Photo credits: https://brooklyn.org/green-city-force/



MY ROLE & RESPONSIBILITIES

  • Conducted an independent behavioral analysis during my internship at Evidn
  • Synthesized contextual and stakeholder factors
  • Applied Lewin’s Force Field analysis to identify drivers and barriers
  • Translated insights into strategy-facing recommendations



METHODS:

  • Behavioral literature review
  • Context and stakeholder synthesis
  • Force Field analysis
  • Driver–barrier mapping
  • Impact vs. feasibility prioritization
  • Systems-level interpretation of engagement dynamics

THE IMPACT:

  • Highlighted legitimacy, pathway clarity, and alumni visibility as high-impact challenges
  • Surfaced that participation is shaped by economic context and identity alignment
  • Identified high-leverage opportunities to strengthen engagement
  • Reframed participation as a systems challenge rather than a motivation problem




What the research says:




Photo credits: https://brooklyn.org/green-city-force/








When economic pressure is high, green work can be seen as frivilous compared to other life challenges. As a result, such jobs are deemed to have low social value, and participation becomes difficult to sustain.

These forces create a self-reinforcing cycle in which the people most likely to benefit from workforce programs face the greatest barriers to entry.

However, when programs provide paid opportunities, visible community impact, and social recognition, participation begins to build its own momentum. 



Takeaway: Efforts to increase participation must focus on shifting the surrounding incentive and status environment, not just increasing awareness or motivation.



So...what do we do with that information?






If we’re looking to utilize the positive feedback loop, we have to first understand what the drivers (motivators) and barriers (friction) are. 


Takeaways from the research: Sustained engagement requires aligning economic support, social signaling, and long-term opportunity pathways rather than relying on any single lever.












What’s the next step?





Given limited resources, we identify the projects that are the perfect balance of feasibility and impactfulness.

Several high-impact barriers—like unclear post-program pathways and underutilized alumni network—appear tractable within the current program ecosystem. 

While barriers such as societal structural instability hold much importance, they are outside the scope of the project. 


Takeaway: The most strategic near-term focus is strengthening legitimacy signals, clarifying pathways, and activating existing social infrastructure.





     
With this research in mind, there are 4 client deliverables for their consideration:





1. Enhance legitimacy cues:

       Amplify uniforms, media visibility, and institutional endorsements to raise perceived status of green work.



2. Tailor environmental messaging:

       Connect sustainability efforts to immediate community benefits (e.g., cleaner air, cooling shade,
local food).
3.  Activate the alumni network:

       Use alumni as readily available peer mentors, recruiters, and role models to reinforce credibility and social proof.
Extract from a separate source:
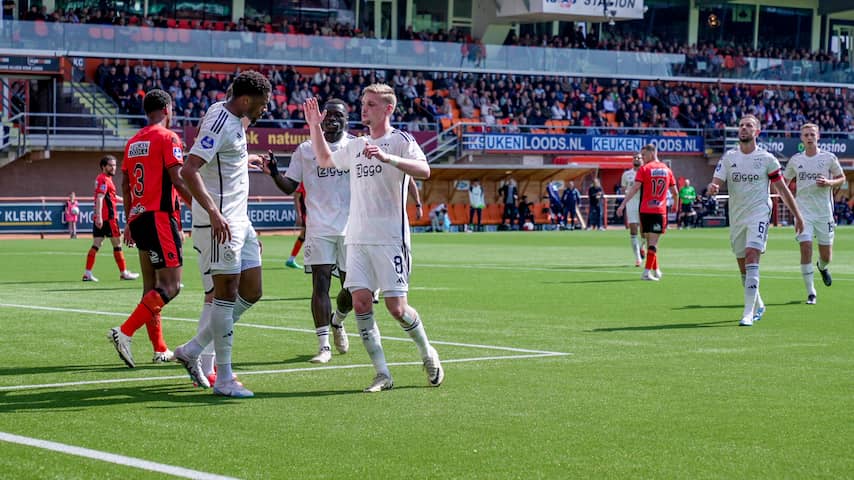 FC Volendam verliest ruim van Ajax en degradeert na twee jaar uit Eredivisie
4. Clarify post-program pathways:

       Visualize job outcomes and education options through storytelling, alumni panels, or “next steps” guides.











PROJECT WRAP-UP:


This analysis suggests that engagement in green workforce programs is shaped not by environmental attitudes alone and more by the interaction of economic pressure, social signaling, and perceived opportunity. The literature review suggests that participants will be more likely to sustain involvement when programs provide immediate material support, clear pathways forward, and visible signals of legitimacy.

At the same time, several high-impact barriers remain structural in nature. Factors such as housing instability, caregiving demands, and broader economic precarity limit participation in ways that program design alone cannot fully resolve. As such, solutions should contextualize workforce interventions as part of a broader support ecosystem rather than standalone solutions.